The Ti element reacts with Si₃N₄ to form the TiN phase, releasing free Si, then the free Si element reacts with active Ti to generate the Ti₅Si₃ layer. As the addition of Ti increases, coverage of the reaction products on substrates increases gradually. When Ti content is lower than 2.0 wt. %, the discontinuous reaction layers beneath the droplets and the richness of reaction products near the triple line can be observed. The continuous reaction layers are obtained in Sn-2.0Ti and Sn-2.5Ti/Si₃N₄ wetting systems.

3.

The whole wetting process can be split into two different stages: (i) rapid-spreading and (ii) sluggish-decrease. In the first stage, adequate active Ti diffuses towards the triple line and react with the Si₃N₄ substrate. Consequently, a fast-spreading process of melted Sn droplet on Si₃N₄ is obtained.

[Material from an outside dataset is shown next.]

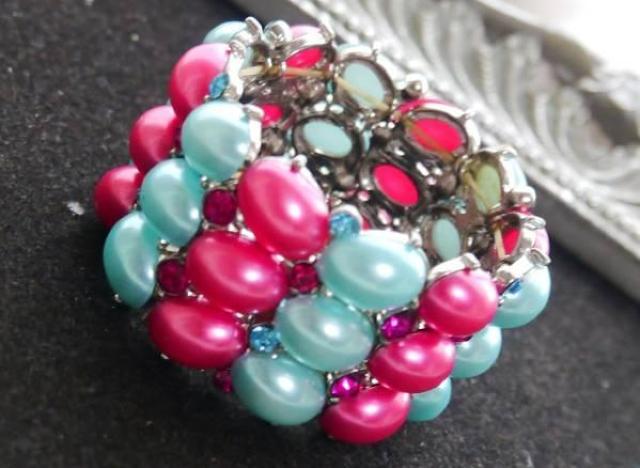 新品 アンティーク調水色とローズのヴィヴィットカラーパールストーンブレスレット < 女性アクセサリー/時計  新品 アンティーク調水色とローズのヴィヴィットカラーパールストーンブレスレット  < 女性アクセサリー/時計の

During the following isothermal stage, sufficient active Ti element is consumed by the interfacial reaction and the triple line keeps moving. The lower Ti content and the further distance from the middle area to the edge hinder the diffusion of Ti towards the triple line. Therefore, the sluggish spreading stage is observed because of the weaker reaction.

4.

Temperature presents an immense effect on the spreading process. The spreading kinetic constant ${\mathrm{K}}_{\mathrm{r}}$ increases from 2.3 × 10⁻³ to 7.8 × 10⁻² with isothermal temperature changing from 1223 K to 1273 K. The spreading activation energy for the Sn-Ti alloy on Si₃N₄ is calculated to be 395 kJ/mol. This work can provide a reference for the addition of active Ti elements during the metallization and brazing process of Si₃N₄ ceramics with other metals, which can be beneficial for the performance of the metal/ceramic joints.